» WHAT TO DO: Begin at the line containing "Lampa kvetinový raper" and give again every line to the end of the records, exactly, without the pictures.

» Source records:
=====
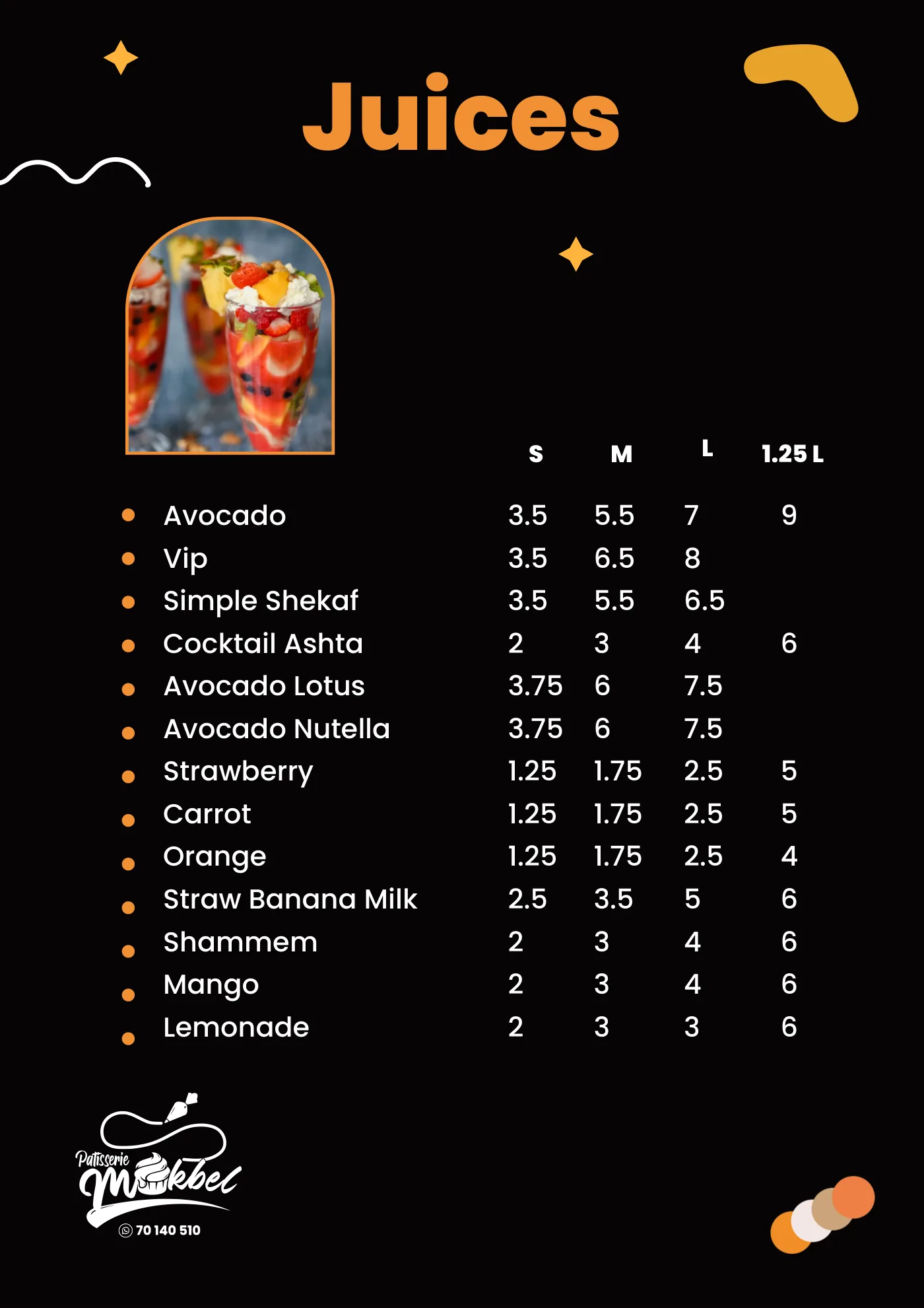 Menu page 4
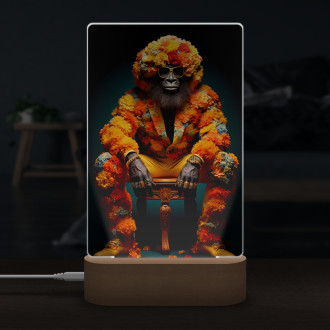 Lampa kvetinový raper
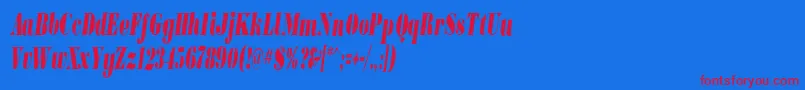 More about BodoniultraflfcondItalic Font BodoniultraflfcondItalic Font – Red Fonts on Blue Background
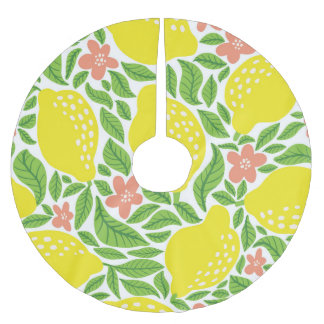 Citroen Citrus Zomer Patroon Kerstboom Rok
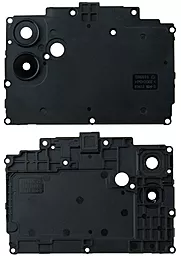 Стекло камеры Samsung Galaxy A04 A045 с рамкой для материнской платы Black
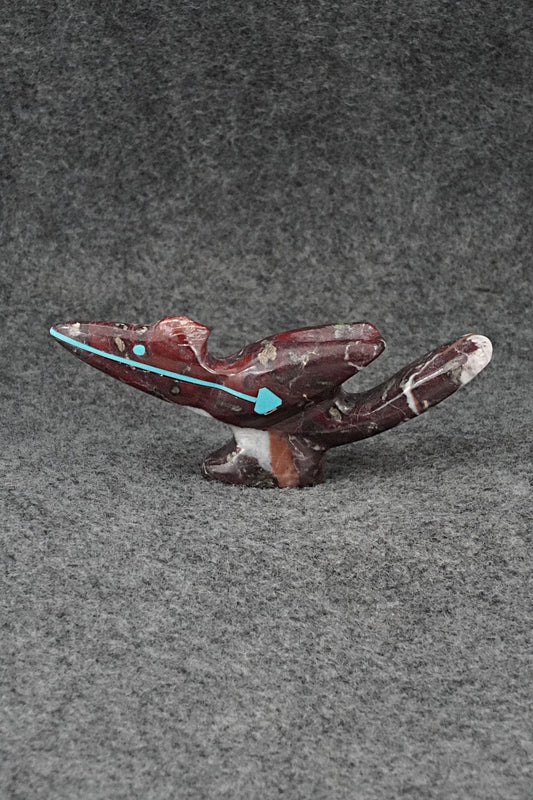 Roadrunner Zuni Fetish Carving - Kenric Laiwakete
=====
» TASK ANSWER:
 Lampa kvetinový raper
 More about BodoniultraflfcondItalic Font BodoniultraflfcondItalic Font – Red Fonts on Blue Background
 Citroen Citrus Zomer Patroon Kerstboom Rok
 Стекло камеры Samsung Galaxy A04 A045 с рамкой для материнской платы Black
 Roadrunner Zuni Fetish Carving - Kenric Laiwakete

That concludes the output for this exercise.